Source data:
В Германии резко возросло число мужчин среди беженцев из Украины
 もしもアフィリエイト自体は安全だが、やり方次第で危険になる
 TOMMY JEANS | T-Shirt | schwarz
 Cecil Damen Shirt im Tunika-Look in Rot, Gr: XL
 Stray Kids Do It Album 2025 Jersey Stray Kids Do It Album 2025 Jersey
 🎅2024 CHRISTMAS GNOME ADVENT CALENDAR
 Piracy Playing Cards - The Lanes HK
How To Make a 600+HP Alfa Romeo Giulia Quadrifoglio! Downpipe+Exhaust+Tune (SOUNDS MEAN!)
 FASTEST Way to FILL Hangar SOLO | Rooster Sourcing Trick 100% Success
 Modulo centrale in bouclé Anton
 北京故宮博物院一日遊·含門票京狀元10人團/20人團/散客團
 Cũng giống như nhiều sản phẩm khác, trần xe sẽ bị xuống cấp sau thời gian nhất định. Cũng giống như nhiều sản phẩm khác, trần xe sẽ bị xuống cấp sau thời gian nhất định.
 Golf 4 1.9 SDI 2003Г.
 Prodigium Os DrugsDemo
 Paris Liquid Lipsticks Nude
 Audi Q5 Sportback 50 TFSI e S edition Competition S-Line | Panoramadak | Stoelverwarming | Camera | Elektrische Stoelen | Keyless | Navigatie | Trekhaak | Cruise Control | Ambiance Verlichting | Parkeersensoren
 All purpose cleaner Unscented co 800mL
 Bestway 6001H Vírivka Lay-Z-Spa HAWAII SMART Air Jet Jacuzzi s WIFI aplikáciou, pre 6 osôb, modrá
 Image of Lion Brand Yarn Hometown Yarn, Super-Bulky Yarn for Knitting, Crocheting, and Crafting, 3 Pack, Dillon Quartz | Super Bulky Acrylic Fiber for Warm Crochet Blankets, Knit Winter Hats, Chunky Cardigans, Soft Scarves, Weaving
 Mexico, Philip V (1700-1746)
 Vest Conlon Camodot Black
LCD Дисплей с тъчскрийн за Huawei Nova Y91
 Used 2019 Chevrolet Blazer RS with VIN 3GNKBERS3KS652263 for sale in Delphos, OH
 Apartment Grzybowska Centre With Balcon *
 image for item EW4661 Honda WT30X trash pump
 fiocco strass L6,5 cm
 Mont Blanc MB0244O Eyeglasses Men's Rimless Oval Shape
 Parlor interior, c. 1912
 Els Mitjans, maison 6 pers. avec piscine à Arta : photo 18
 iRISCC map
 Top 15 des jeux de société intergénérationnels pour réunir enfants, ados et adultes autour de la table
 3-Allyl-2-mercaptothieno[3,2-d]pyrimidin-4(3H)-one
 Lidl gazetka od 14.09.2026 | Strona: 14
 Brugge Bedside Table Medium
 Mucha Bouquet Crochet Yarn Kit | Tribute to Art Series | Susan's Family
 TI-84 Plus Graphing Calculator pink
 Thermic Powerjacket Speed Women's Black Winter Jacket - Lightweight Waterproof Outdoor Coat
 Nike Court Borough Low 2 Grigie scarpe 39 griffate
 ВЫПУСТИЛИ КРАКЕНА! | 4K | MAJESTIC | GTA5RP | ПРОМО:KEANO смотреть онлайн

● Work to complete
The string "Winter" appears on some lines of the data; count those lines and report only how many there are.

● Response to the task
2